I have nipplewort, and it seems to be very tolerant to herbicides. Any tips for controlling it?

nipplewort weed

The common name of this weed may seem risqué but understandable. The plant’s milky latex, which is believed to have anti-inflammatory and antiseptic properties, was allegedly used in the 16th century to soothe cracking and inflammation of nursing mother’s breasts. Fast-forward to the present day and it’s thought more of as an annoying weed that is increasing in prevalence and is tolerant to a number of herbicides. The distribution of this weed in Ontario is fairly extensive, although a survey conducted in 2014 has shown it to be most prevalent in the county of Huron.

nipplewort flower
Close-up of nipplewort's flower. photo: File

Nipplewort can either have an annual life cycle where it germinates in the spring and sets seed within that season or it can have a winter-annual life cycle where it germinates in the late summer or fall, over- winters and then sets seeds, most typically in the summer. It can be confused with sow thistle and prickly lettuce as it has yellow flowers and a similar stature. However, the leaves lack spines and are much darker and broader, with short fuzzy hairs.

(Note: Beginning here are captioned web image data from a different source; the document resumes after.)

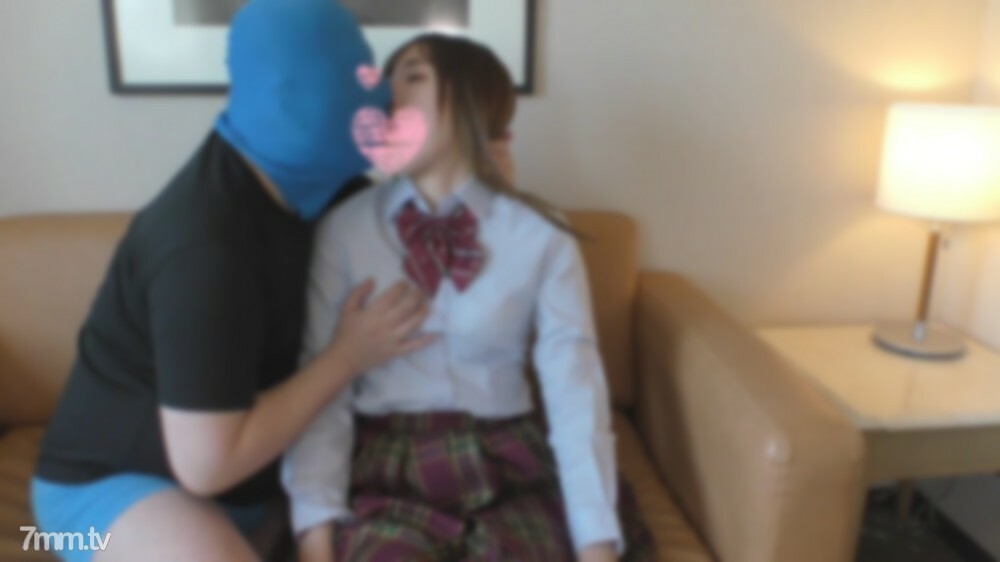 FC2-PPV-2834026 สาวน้อยตูดโตโดนเย็ดท่าหมา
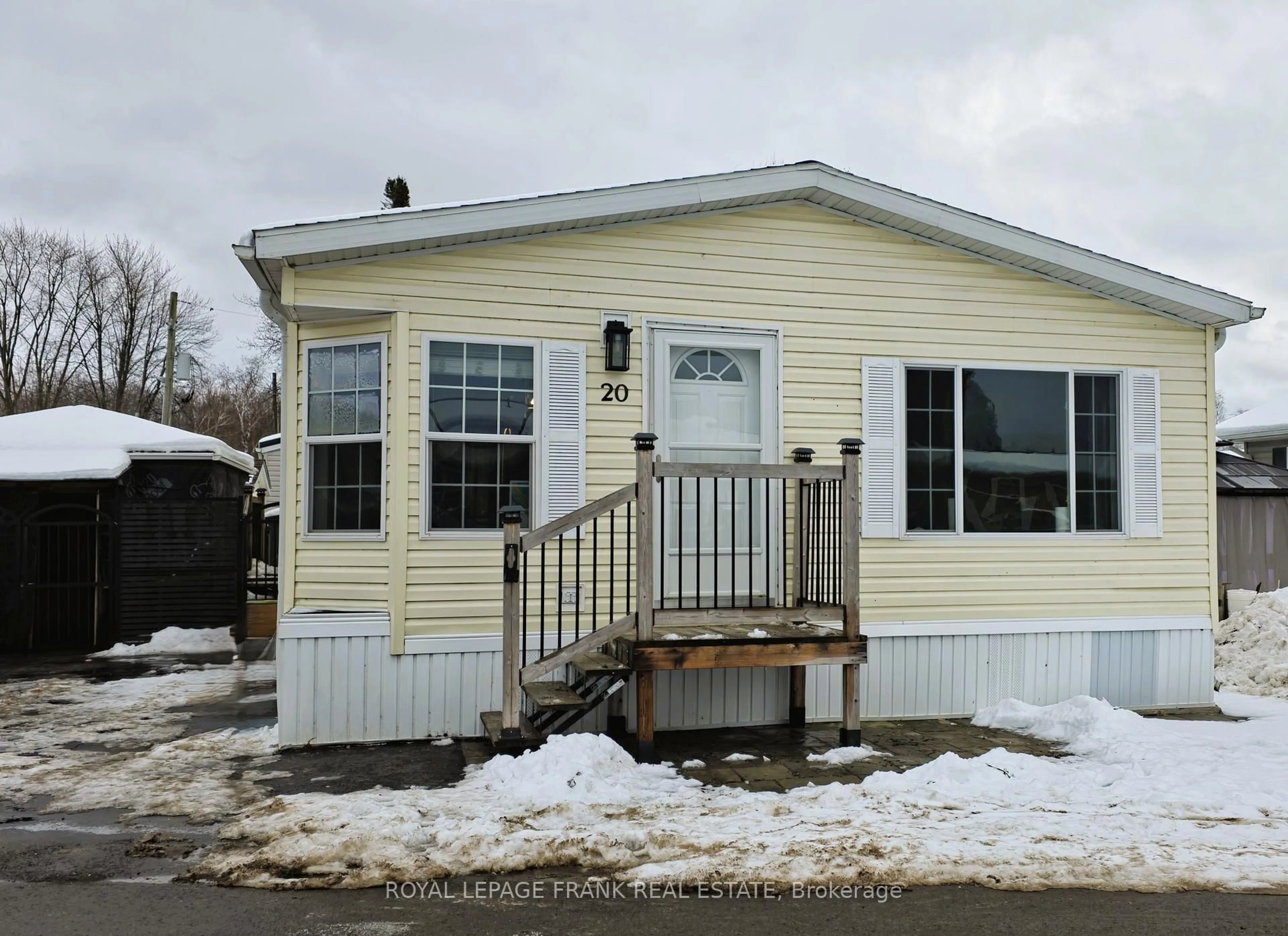 Home with vinyl exterior material, street for 20 ELM ST PVT St, Puslinch Ontario N0B 2J0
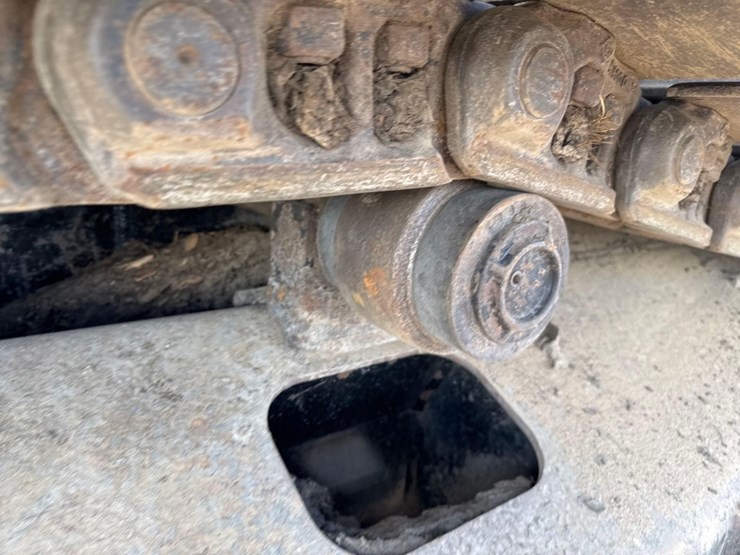 2012-deere-160g-lc-image-10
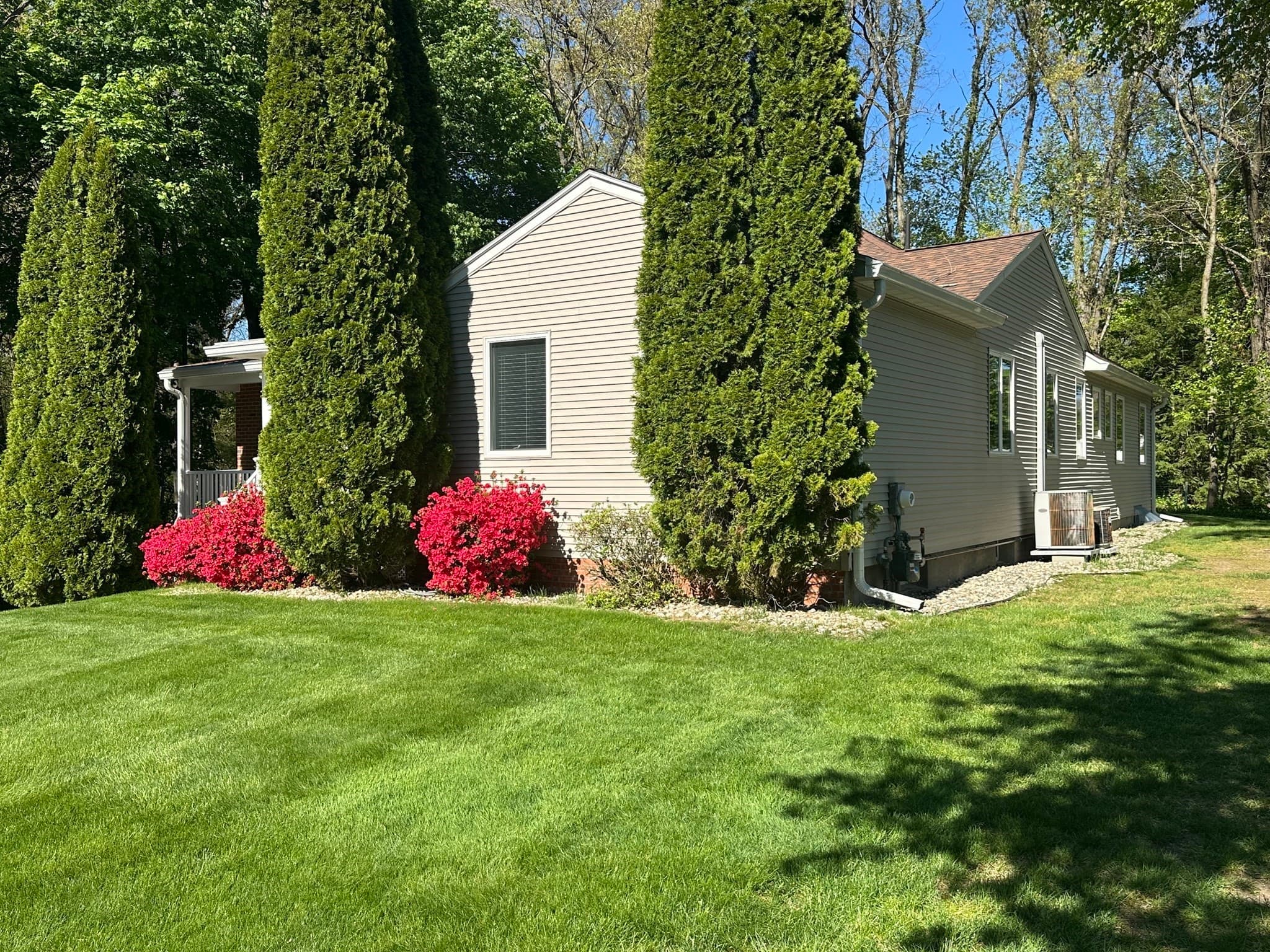 Single Family Residence at 17 Pioneer Drive, Longmeadow MA 01106, photo 4 of 31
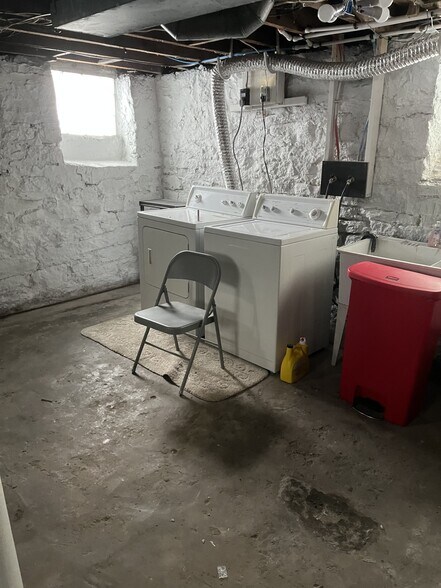 Building Photo - 79 Florida St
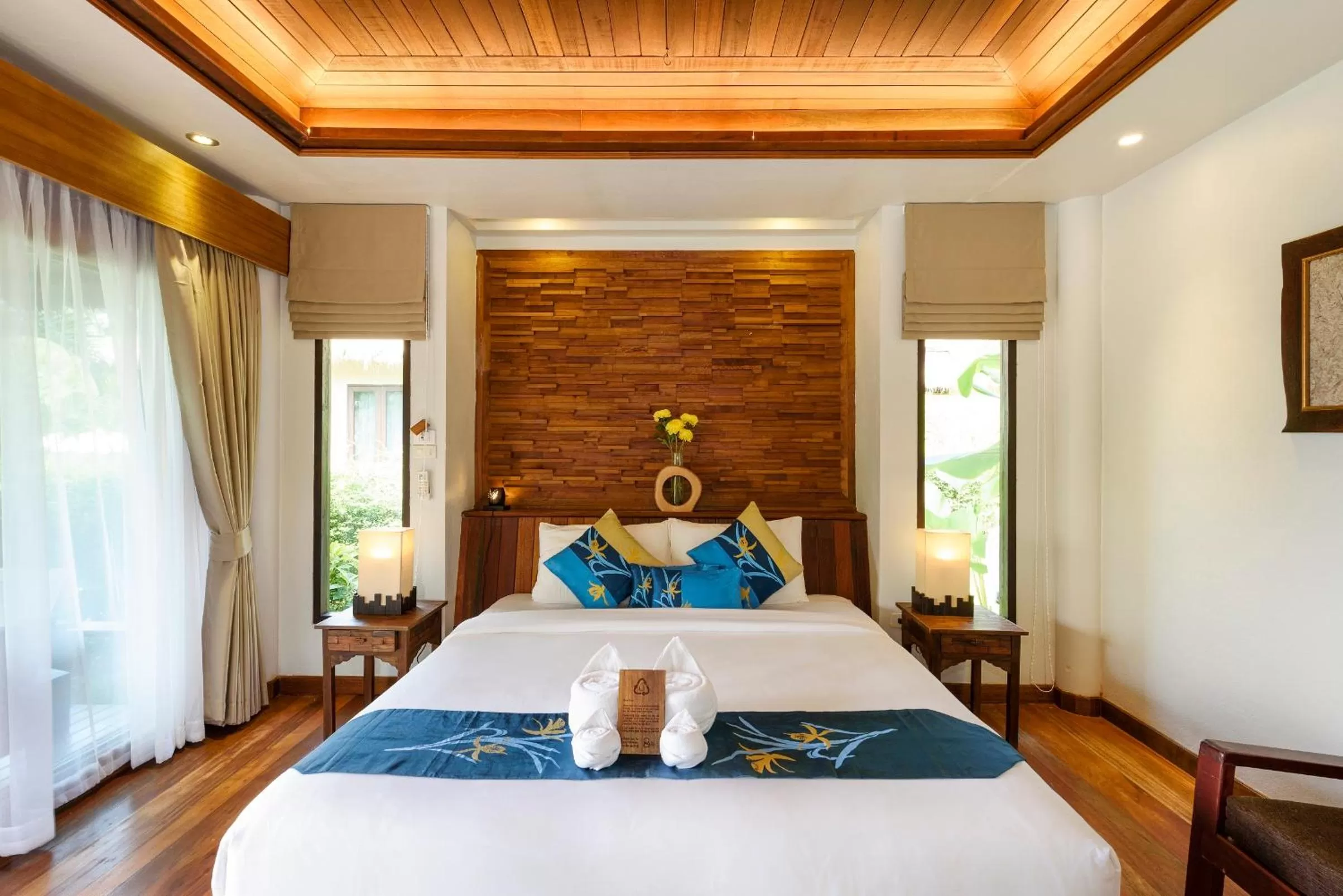 Bed in The Beach Natural Resort Koh Kood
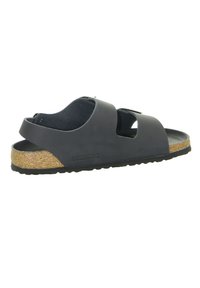 Sandali in gomma nera con due fasce larghe, suola in sughero e plantare testurizzato nero. Presenta il logo in rilievo sul lato.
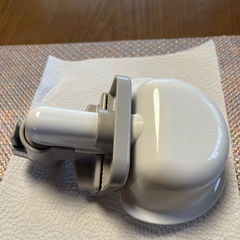 決まりました。猫ちゃんトイレ用具と、ペットケージ用水やり器ですの画像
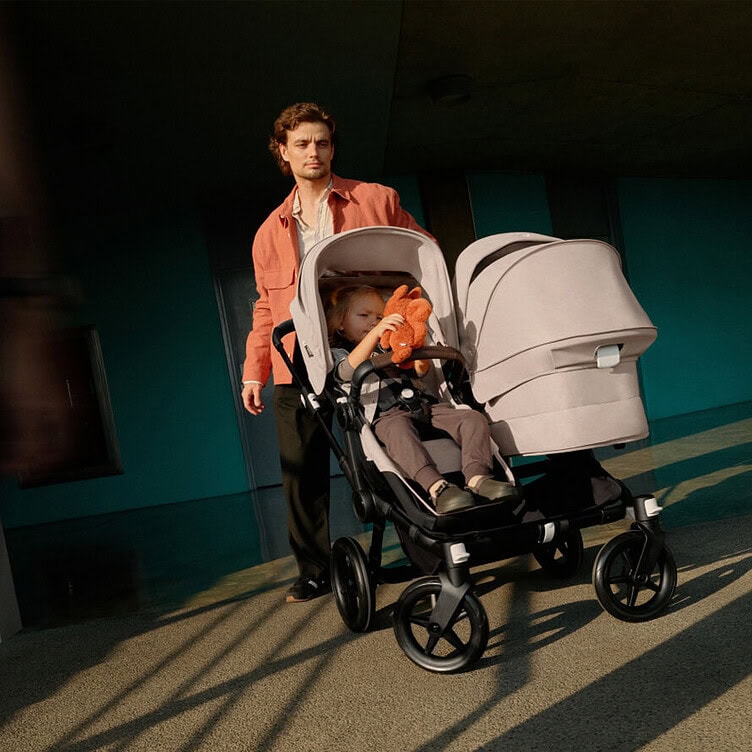 bugaboo-donkey5-desert-taupe-lifestyle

Here’s the challenge. Nipplewort plants with a winter-annual life cycle will be quite large early on in the spring, making them more tolerant to herbicides and less likely to be controlled. Such populations should be targeted in the fall when the plant is smaller and more susceptible to herbicides.

Which herbicides are effective? Based on limited studies, Table 1 provides an overview of what has been learned in Ontario.

nipplewort herbicide chart

What other management “tweaks” could improve control of this species?

nipplewort leaves
Click image for full view: The bottom leaves of nipplewort (top) compared with the narrower top leaves (bottom).

A Finnish study evaluated the impact of cropping practices on weed occurrence in spring cereals over the course of two decades and found an increase in nipplewort over that period which was attributed to a reduction in primary tillage. Therefore, one could assume that the use of tillage at the time when nipplewort is in the seedling stage would be helpful in reducing its population.

A Norwegian study found nipplewort to be less susceptible to herbicide treatments sprayed in the evening compared to morning and midday.